═══ Material shown

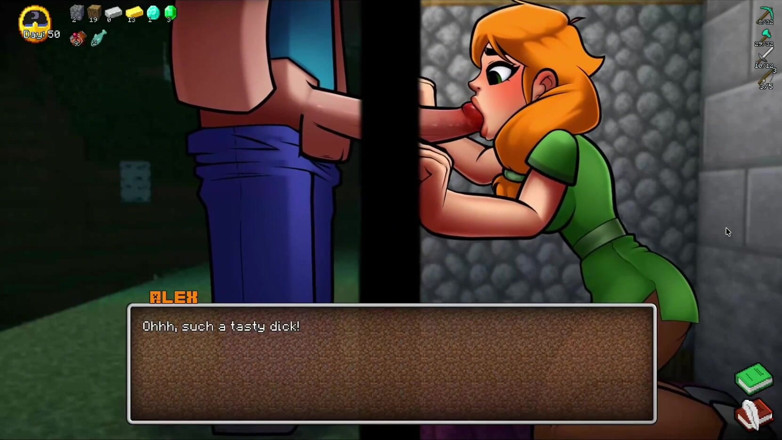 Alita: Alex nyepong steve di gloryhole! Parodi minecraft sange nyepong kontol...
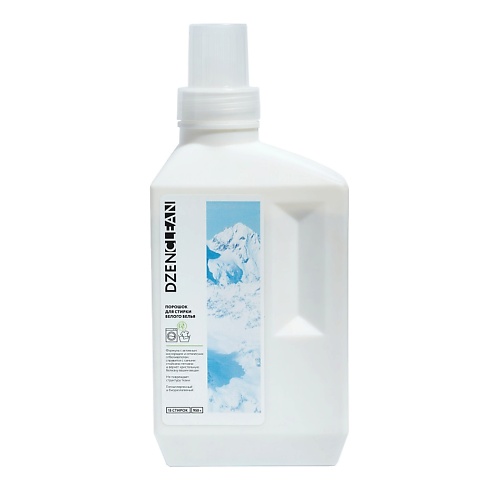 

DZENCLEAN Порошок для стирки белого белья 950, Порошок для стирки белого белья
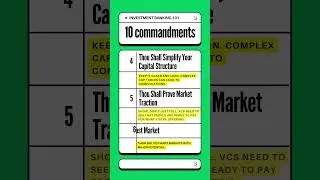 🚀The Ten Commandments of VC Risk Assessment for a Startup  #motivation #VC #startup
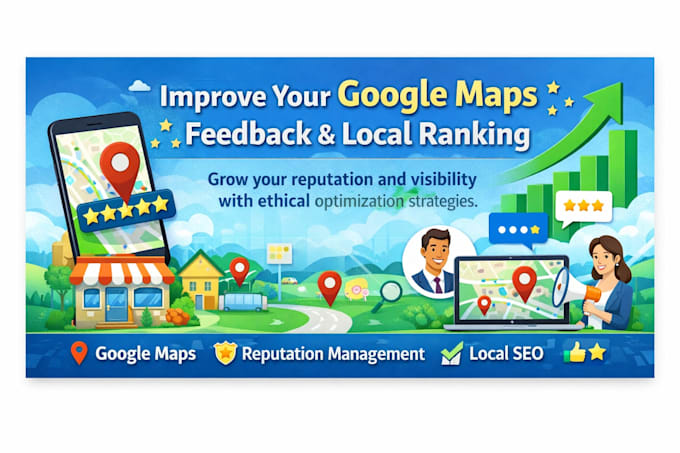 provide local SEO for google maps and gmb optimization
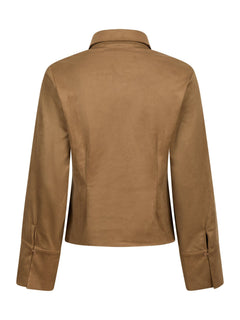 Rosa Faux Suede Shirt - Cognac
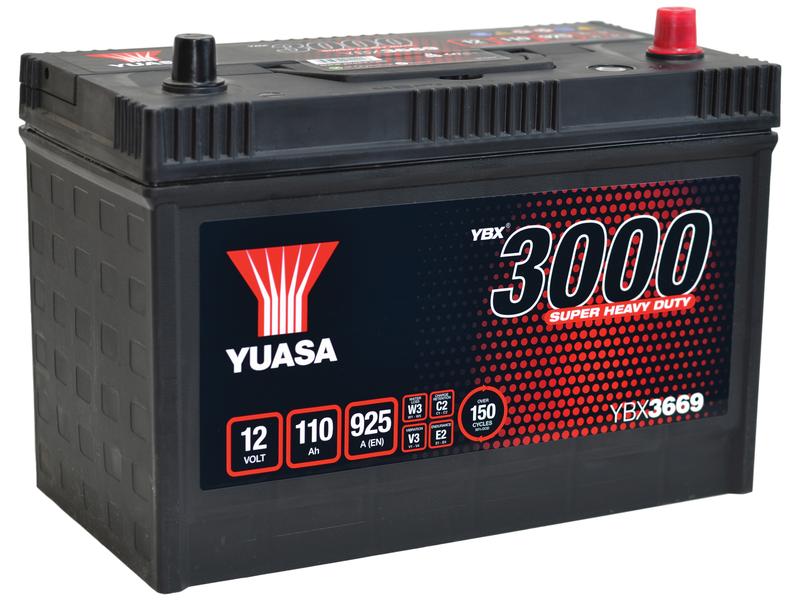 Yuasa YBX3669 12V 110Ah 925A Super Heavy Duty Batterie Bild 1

══════

**Directions**:
Pictures are skipped here. Print exactly, and only, the lines from the one holding "provide local SEO" through the final line of the material above, both ends included.

**Written solution**:
 provide local SEO for google maps and gmb optimization
 Rosa Faux Suede Shirt - Cognac
 Yuasa YBX3669 12V 110Ah 925A Super Heavy Duty Batterie Bild 1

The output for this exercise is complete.